[Your instructions] Every line from the one with "Ausstellungsvitrine mit Kräuterabdrücken" through the last line below should be repeated exactly; pictures stay out of the copy.

[Source data]
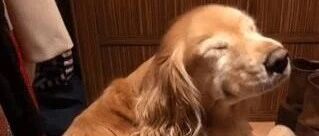 爸爸找了一下午，原来大金毛躲在衣帽间，狗子一脸抱歉：让你担心了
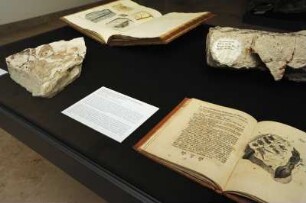 SLUB, Ausstellung "Gespräche mit der Erde. Geowissenschaften in Sachsen" : Ausstellungspräsentation im Buchmuseum. Ausstellungsvitrine mit Kräuterabdrücken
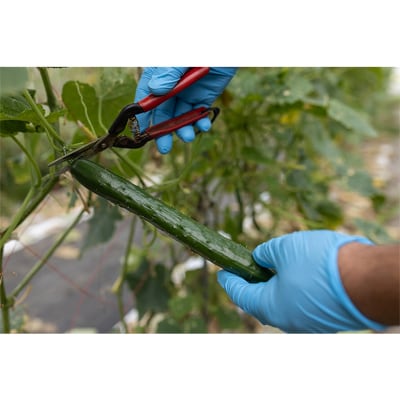 西会津野菜セット定期便(小)10回 F4D-1406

[Answer to the problem]
 SLUB, Ausstellung "Gespräche mit der Erde. Geowissenschaften in Sachsen" : Ausstellungspräsentation im Buchmuseum. Ausstellungsvitrine mit Kräuterabdrücken
 西会津野菜セット定期便(小)10回 F4D-1406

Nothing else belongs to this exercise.